一連幾天白荷都規規矩矩的到唐沫屋子裏敬茶伺候他用膳等等,唐沫就算是說了無數遍不用她伺候了,但是白荷卻還是堅持要來,最後唐沫也由著他,隻是讓著院子裏的人看緊了,千萬不要出了什麽岔子。
炎熱的盛夏總是讓人煩躁的很,唐沫穿著涼爽的繡著纏枝薔薇的小衫倚著池塘邊的圍欄邊,手中拿著魚食漫無目的的撒在池塘之中。
“姑娘,這裏雖然涼快些,但是現在正是正午之時你還是回去休息吧。”
楠竹在一旁輕輕地幫著唐沫扇著扇子,輕聲勸道。
這些天安然天天來唐沫的屋子裏鬧,說唐沫是個蛇蠍婦人故意為難白荷,唐沫是啞巴吃黃連有苦說不出。所以到了用膳的時候竟躲到這裏來,免得又被白荷纏個不休,而安然又以為是唐沫故意為難白荷。
“等會兒再回去吧。”
唐沫除了覺得這裏涼快些外,也是想要散散心,這段時間陶氏見她不爽,白荷麵上討好她,而背地裏卻在安然麵前嚼舌頭,說自己是怎麽為難她了。
心煩意亂的很,可是卻沒有一個地方可以發泄的。
忽然,一陣嬌柔的聲音傳來,讓唐沫的眉頭皺的更緊了。
“姐姐,你怎麽在這裏呀。讓我好找呀。”
這個聲音唐沫再熟悉不過了,這段時間對於唐沫來說這都是魔音。
唐沫不想回應他,所以隻有裝作沒聽到,可是假裝沒有聽到根本就沒有用,白荷蓮步走了過來,手上還端著一碗冰鎮雪梨,笑盈盈道:“姐姐,這盛夏酷熱,我特地做了這個,你吃吧。”
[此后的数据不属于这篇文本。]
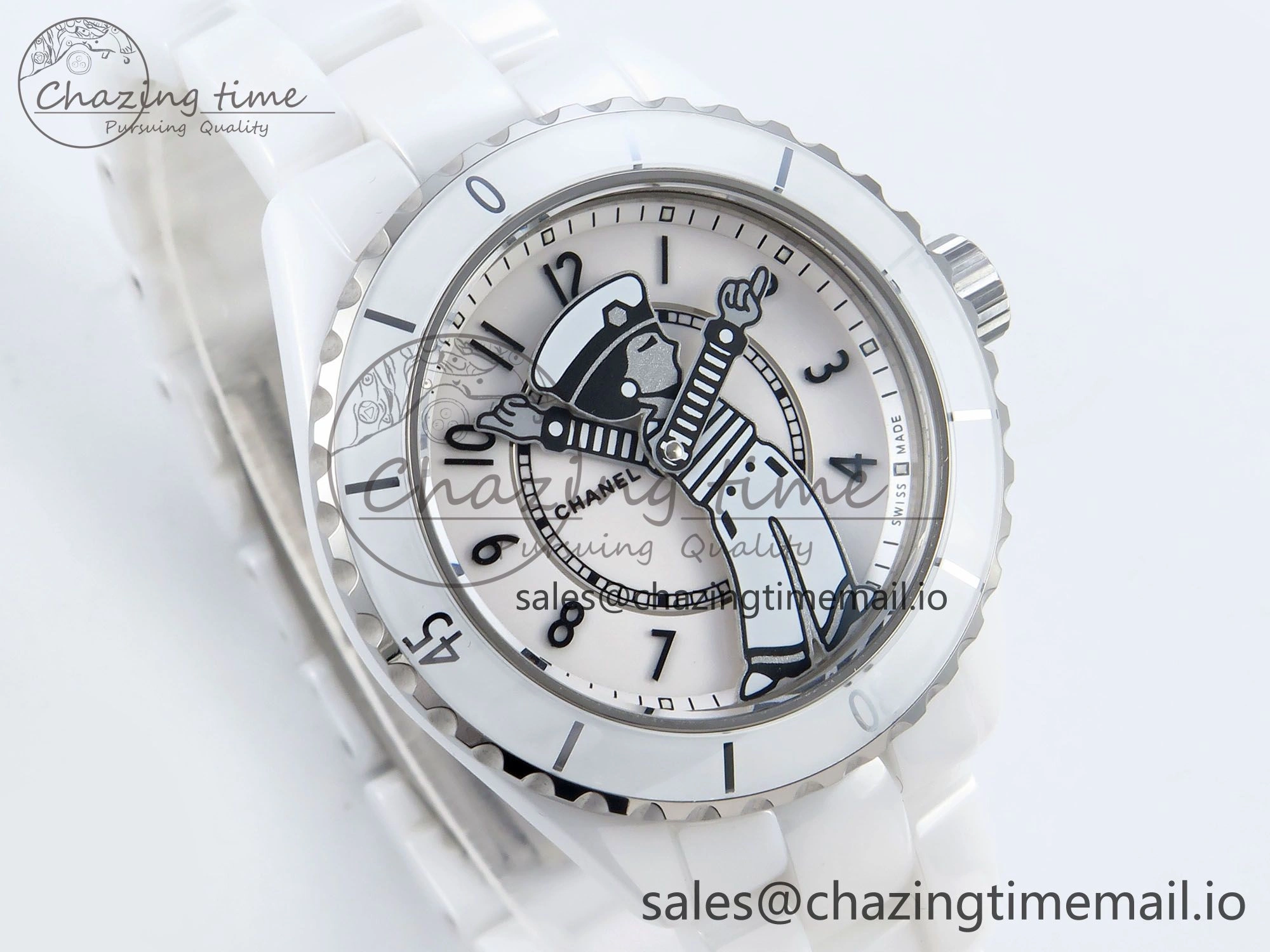 Seasonal J13 33mm White Ceramic HTF 1:1 Best Edition White Boy Pattern Dial on Bracelet A12. 6442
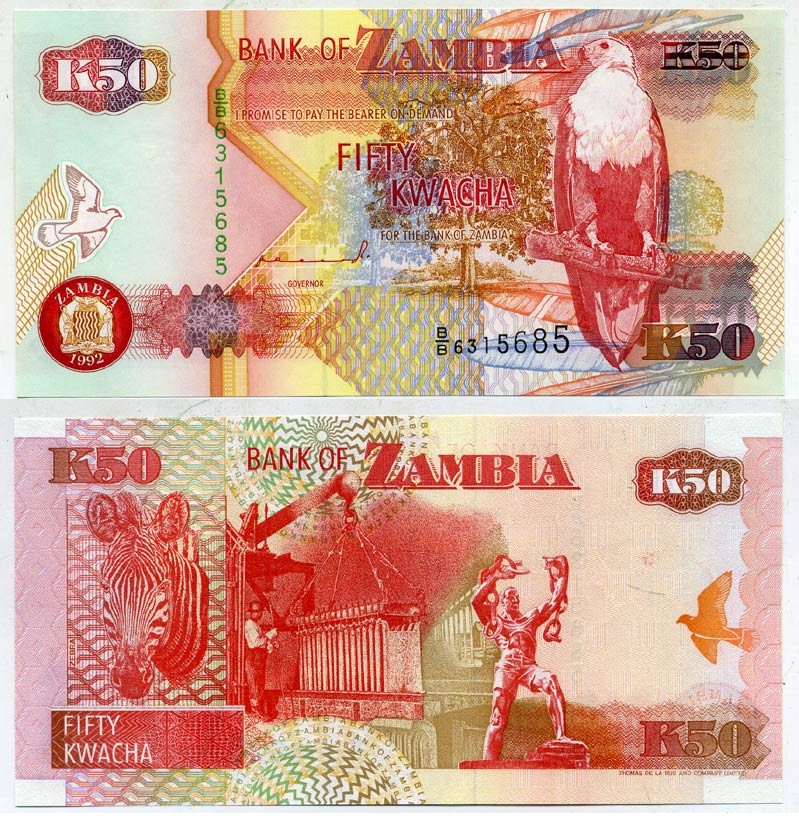 Замбия 50 квач 1992 орлан крикун, зебра, плавление меди в Коппербелте, подпись Mulaisho Pick 37 a бумага UNC (пресс) 6299-17-3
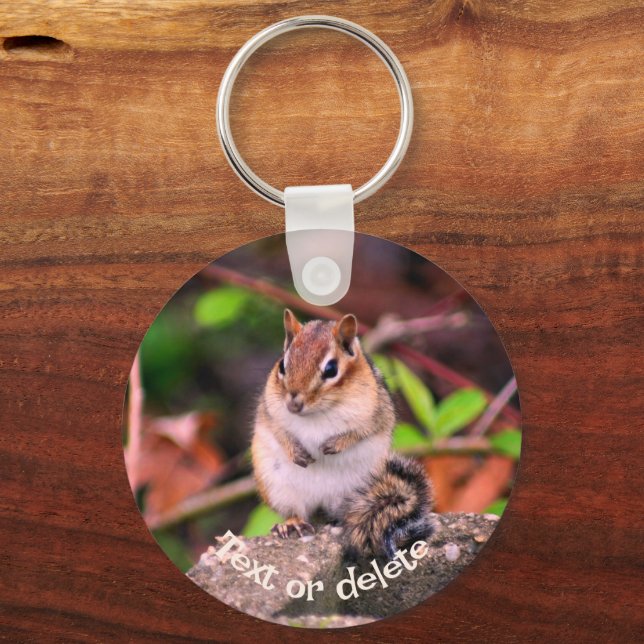 Niedlicher Chipmunk auf Rock Personalisiert Schlüsselanhänger (Vorderseite)
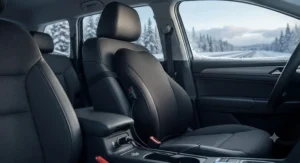 Heated lumbar support cushion plugged into a car seat to provide soothing warmth and back support during cold Canadian winters.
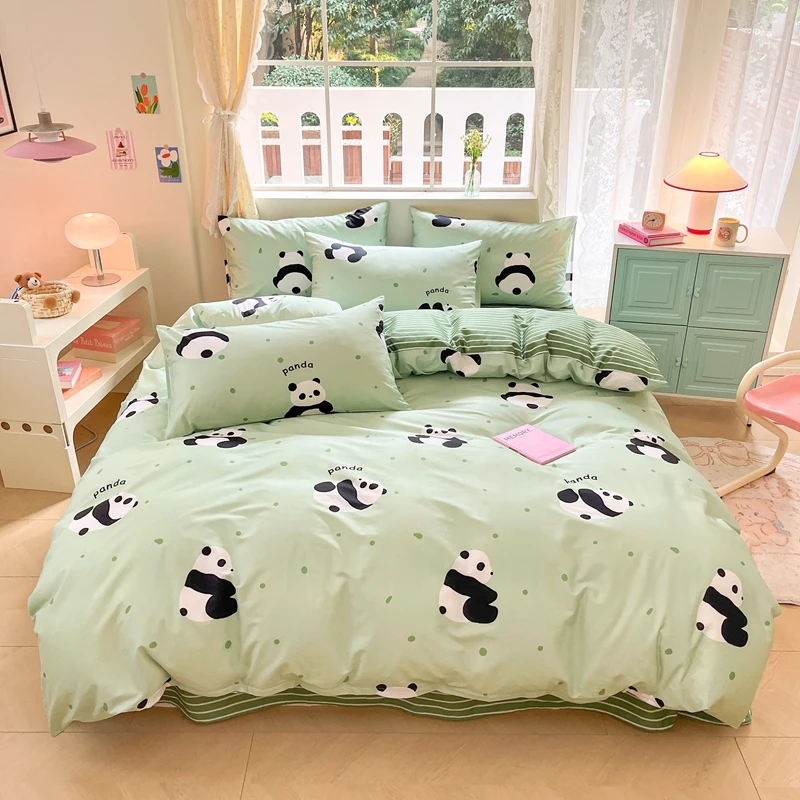 Cute Animal Panda Duvet Cover 3pcs Cotton Cartoon Black White Chinese Panda Bedding Set Soft Reversible Stripe Comforter Cover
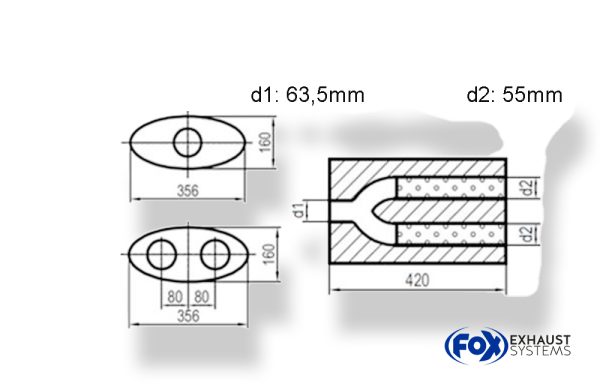 Uni-Schalldämpfer oval zweiflutig mit Hose - Abwicklung 818 356x160mm, d1Ø 63,5mm  d2Ø 55mm, Länge: 420mm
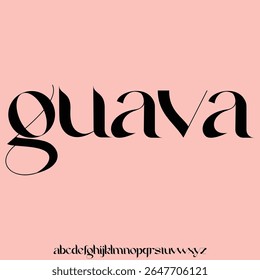 Modern rounded guava alphabet display font vector illustration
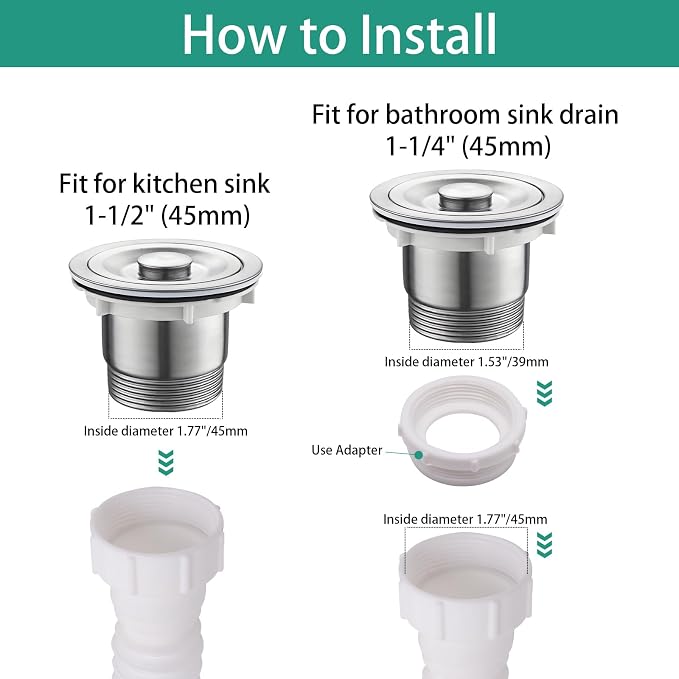 Sink Drain Pipe Kit, Flexible 1-1/2 Inch P Trap Kitchen Sink Plumbing Kit - Image 3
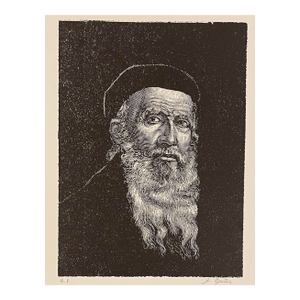 1930s Jehudo Epstein Rabbi Portrait Wood Engraving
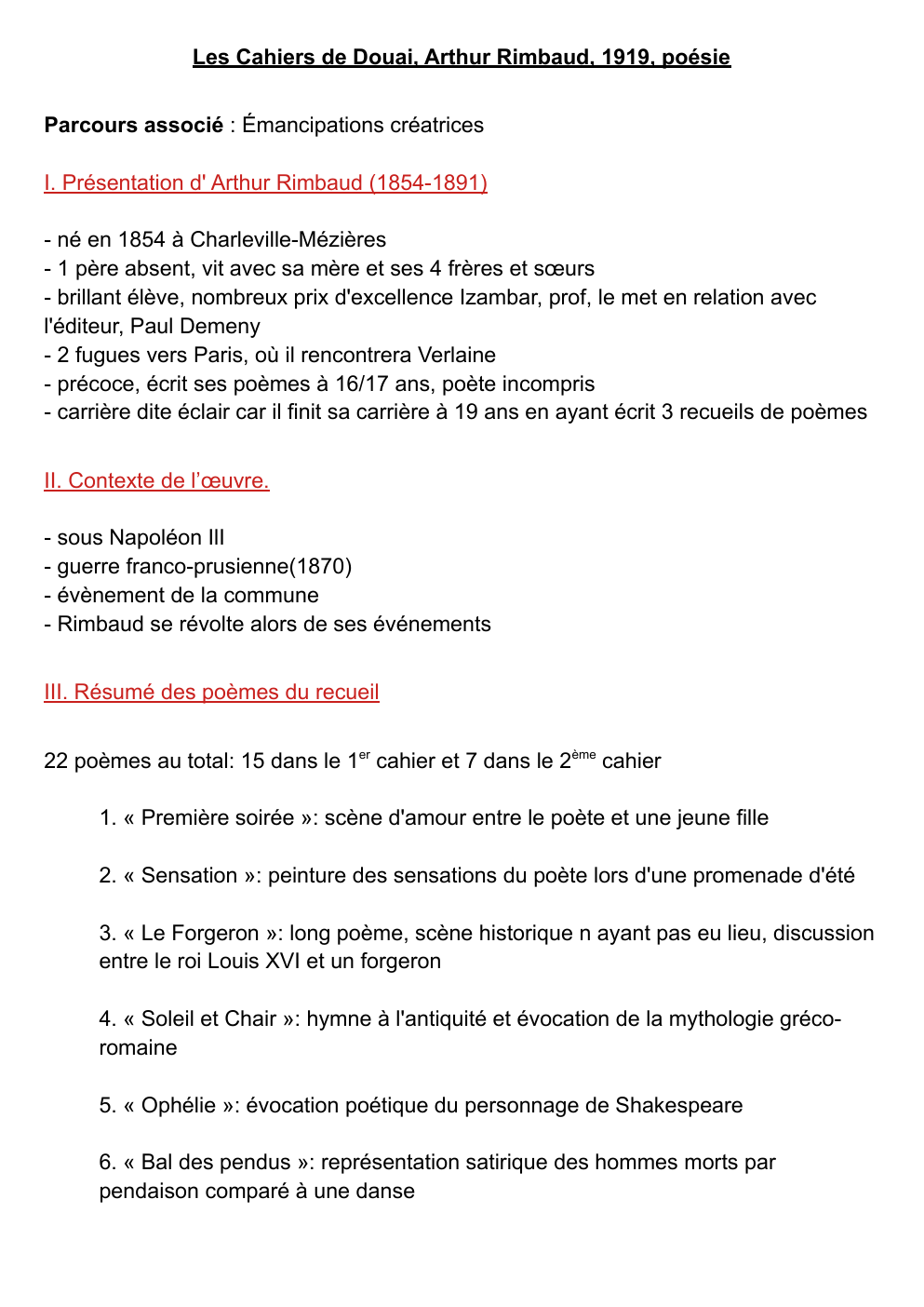 Prévisualisation du document fiche rimbaud bac de français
說著便送到唐沫麵前,唐沫轉過臉淡漠道;“我不想吃,你自己吃吧。”
楠竹這段時間也見她煩厭的很,而且覺得若不是她的話,自家主子和安然的關係也不至於差到了這種的地步。
“白姨娘,我們家奶奶不喜歡這種東西,見到了就想吐。”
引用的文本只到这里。